A further round of talks in Bonn has been scheduled for late October in advance of the UN's 20th full-scale climate change conference in Lima, which would hopefully lead to an international treaty at the 21st such gathering in Paris, in December next year.
UN climate chief Christiana Figueres said many delegates in Bonn "spoke of the growing understanding that Paris 2015 needs to be a turning point where decisive and defining pathways are put in place towards [an] ultimately carbon neutral world.
"Bonn may perhaps go down as a point in time where governments showed new and higher levels of co-operation and positivity towards a meaningful agreement in Paris and the goal of limiting a global temperature rise to under 2 degrees Celsius."

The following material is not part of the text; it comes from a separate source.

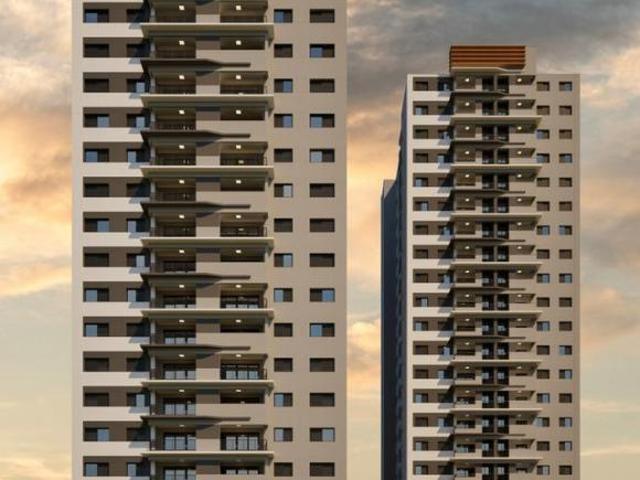 Apartamento venda em Região Geográfica Imediata de Goiânia, Goiânia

However, she said developed countries needed to "build further trust to underpin progress in Lima and success in Paris" by capitalising the new Green Climate Fund, which will finance both climate change mitigation and adaptation in developing countries.
Even the usually critical Climate Action Network of non-governmental organisations gave a cautious welcome to what it saw as "the slow drumbeat" of a momentum building towards the international agreement due to be signed in Paris at the end of 2015.
This had been underscored by "good news" from Washington and Beijing that the US and China - the world's biggest carbon emitters - are planning to limit the pollution caused by coal-fired power plants and promote renewable energy.
With the US and China now both moving to tackle global warming, Europe must ensure that its latest climate and energy package - currently under negotiation - is as ambitious as possible, according to Greenpeace International.
Following two weeks of UN climate talks in Bonn, Greenpeace's Martin Kaiser said it was "specifically" up to EU member states "not to lock in low ambition" in the package, but to give a clear signal that Europe would play its part to save the climate.
He warmly welcomed pledges by more than 60 of the 185 countries represented in Bonn to phase out dependence on climate-polluting fossil fuels - coal, oil and gas - and instead rely entirely on renewable energy sources by the middle of this century.
"It's a major breakthrough that almost one-third of the world's governments acknowledge that we have to switch from fossil fuels to clean energy in the space of one human generation," said Mr Kaiser, who heads climate politics for Greenpeace.
Tasneem Essop, head of the World Wildlife Fund's delegation, said there was a lot of hard work ahead if the "constructive spirit" in Bonn was to be translated into real political momentum.
"As Nelson Mandela once said, 'it always seems impossible, until it's done'."
One notable absentee from the talks was Noel Casserly, former assistant principal officer at the Department of the Environment; he took early retirement to set up Smart Earth, which works with developing countries on capacity-building and climate finance.